About the author: Alison Davis is Senior Adviser for Public Affairs in EPA’s Office of Air Quality Planning & Standards in Research Triangle Park, NC.
With our weather in North Carolina getting suddenly hot, I’ve been thinking more about how air quality affects my daily plans. And I realized that I’d never learned the nitty-gritty of what goes in to that “Code Orange” forecast I get when air quality is expected to worsen.
So the other day, I stopped by the N.C. Division of Air Quality (DAQ) to see George. George (his last name is Bridgers) is one of four meteorologists at the DAQ who issue the daily air quality forecasts that tell me whether ozone levels might make me wheeze – or whether I’m in the clear.
From what I’ve picked up during my years at EPA, I know that forecasters at state and local agencies nationwide use weather models, information on pollution and their own experience to predict the next day’s ozone and particle pollution levels. So I went to see George figuring a forecast would take just an hour or two.
Boy, was I wrong.
“It starts from the moment I wake up,” George told me. “Are there storms I didn’t expect? Is the wind blowing? Is it sunny?”
Turns out George doesn’t just issue the next day’s forecast; he also spends time checking to see if yesterday’s forecast held overnight. If anything changed — weather conditions being the most likely — he might need to issue an update. Plus, what happened yesterday affects air quality tomorrow. During a period of stagnant weather, for example, pollution can build up over several days – and the forecast can go from yellow to orange to red.
Once George is satisfied that yesterday’s forecast was good, he starts looking at a long list of tools to develop tomorrow’s forecast.
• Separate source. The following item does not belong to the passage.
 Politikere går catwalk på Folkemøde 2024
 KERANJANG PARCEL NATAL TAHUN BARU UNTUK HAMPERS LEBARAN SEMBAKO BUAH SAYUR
Weather forecast models. Satellite images. Air monitoring data. Models that estimate how pollution travels on the air. It’s an impressive list that reminds that me of just how much the nearly 300 air quality forecasters across the country have to understand in order issue AQI forecasts every day.
But I’m most struck by George’s dedication. He still remembers sweating it out over a code purple forecast he issued years ago, for example – and how worried he was about getting it right.
So when you check your air quality forecast (and you will, right?), know that in nearly every state, there are people like George, using science, experience and dedication to help you protect your health.
April 27 – May 1 is Air Quality Awareness Week.